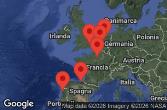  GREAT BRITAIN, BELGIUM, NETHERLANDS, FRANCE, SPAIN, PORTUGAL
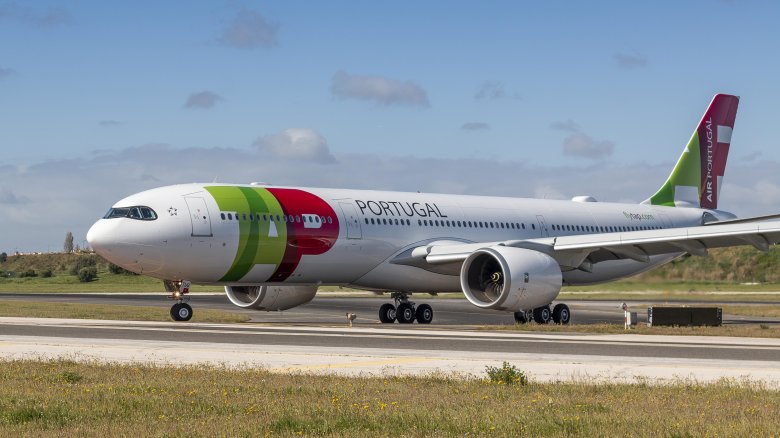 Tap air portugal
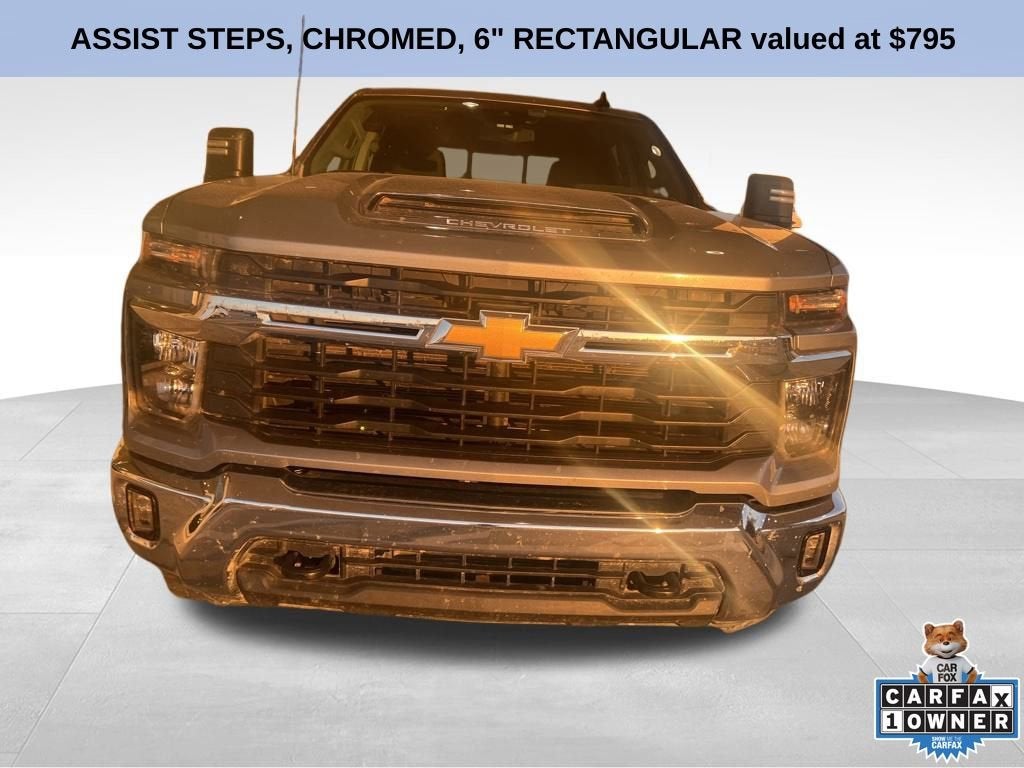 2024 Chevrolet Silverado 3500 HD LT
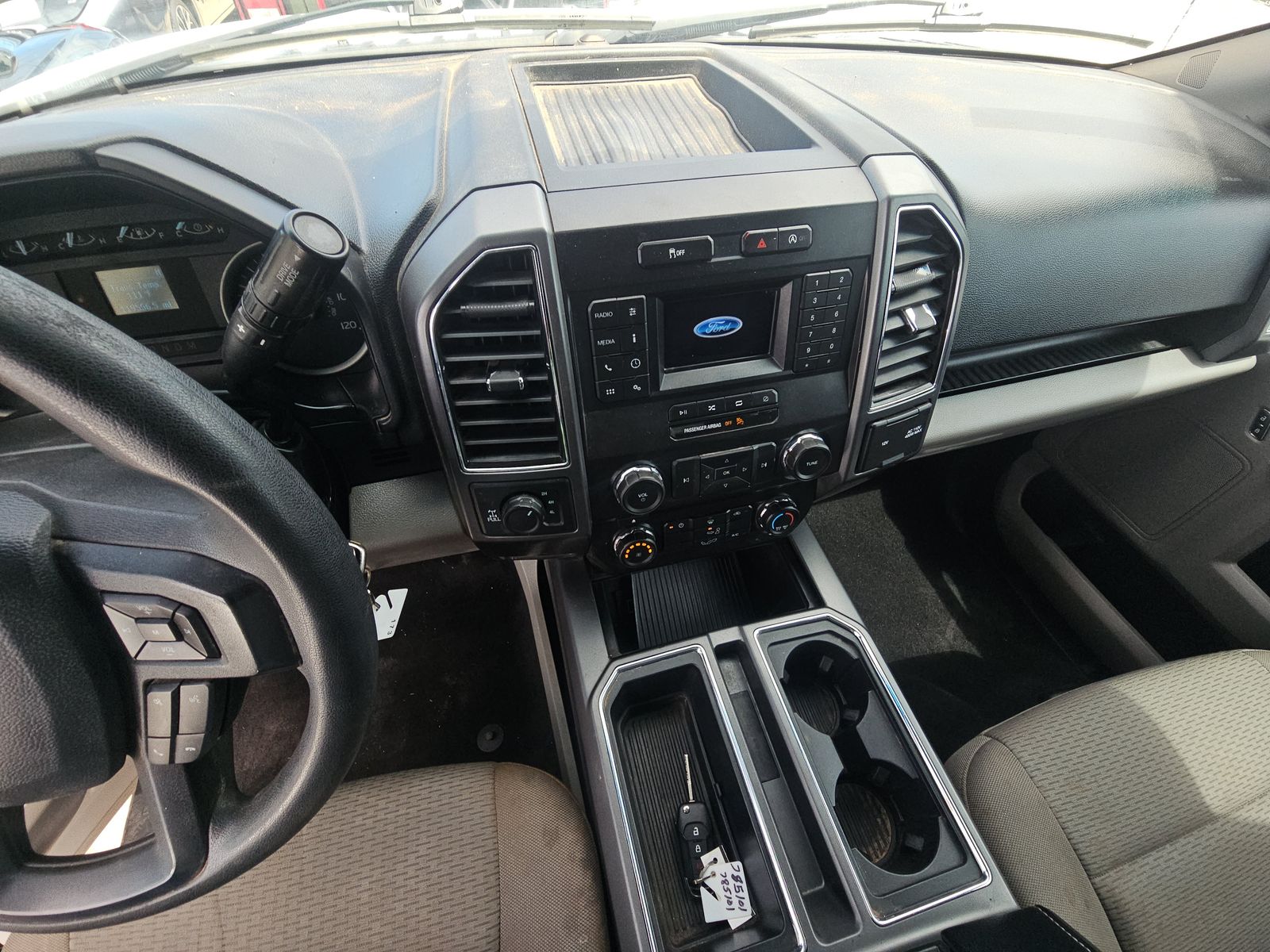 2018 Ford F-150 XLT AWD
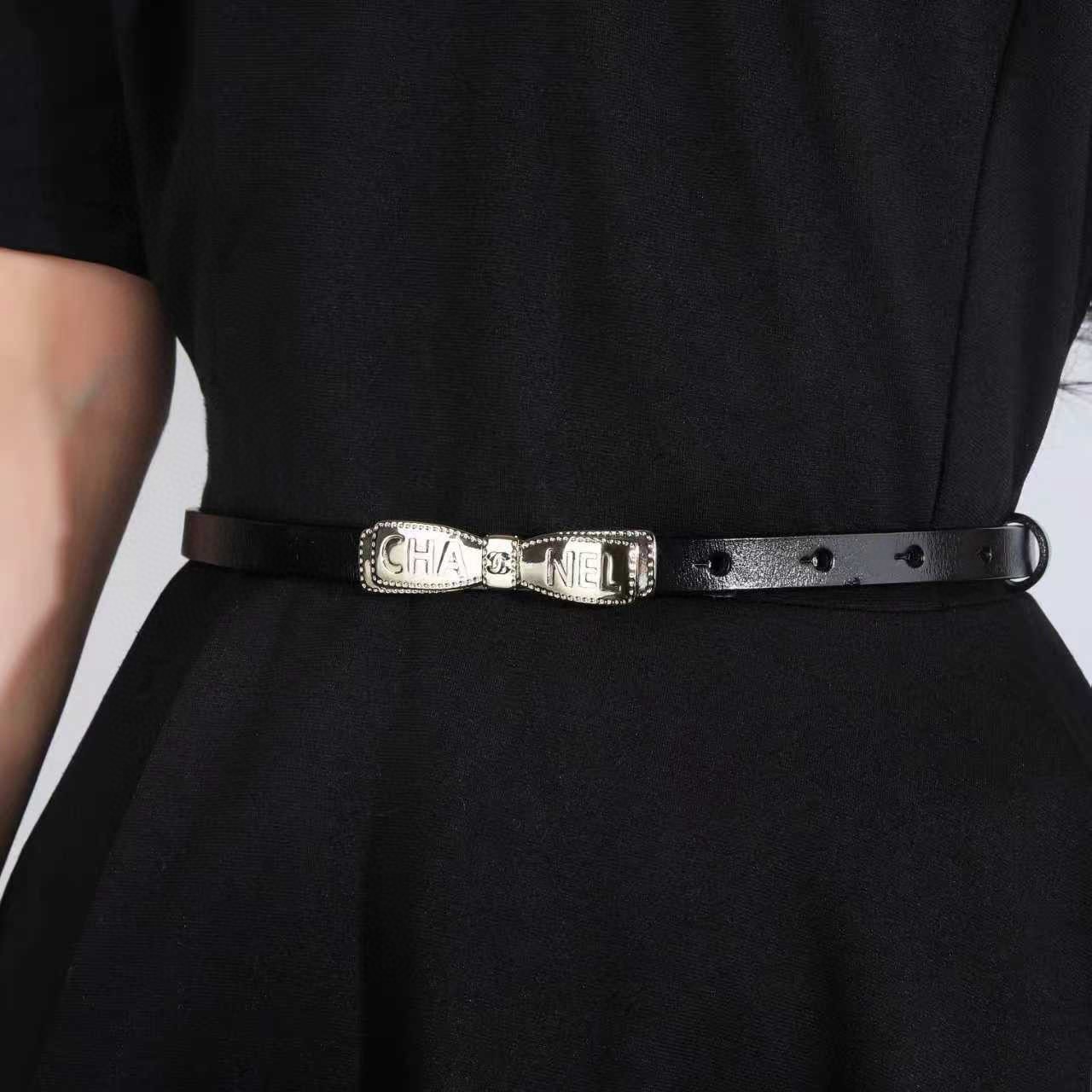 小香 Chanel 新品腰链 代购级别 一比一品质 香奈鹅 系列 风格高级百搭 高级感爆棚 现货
____________
Action item
What the answer needs is every line from the one with "Tap air portugal" through the last line of the data, reproduced word for word and with pictures omitted.

Result
 Tap air portugal
 2024 Chevrolet Silverado 3500 HD LT
 2018 Ford F-150 XLT AWD
 小香 Chanel 新品腰链 代购级别 一比一品质 香奈鹅 系列 风格高级百搭 高级感爆棚 现货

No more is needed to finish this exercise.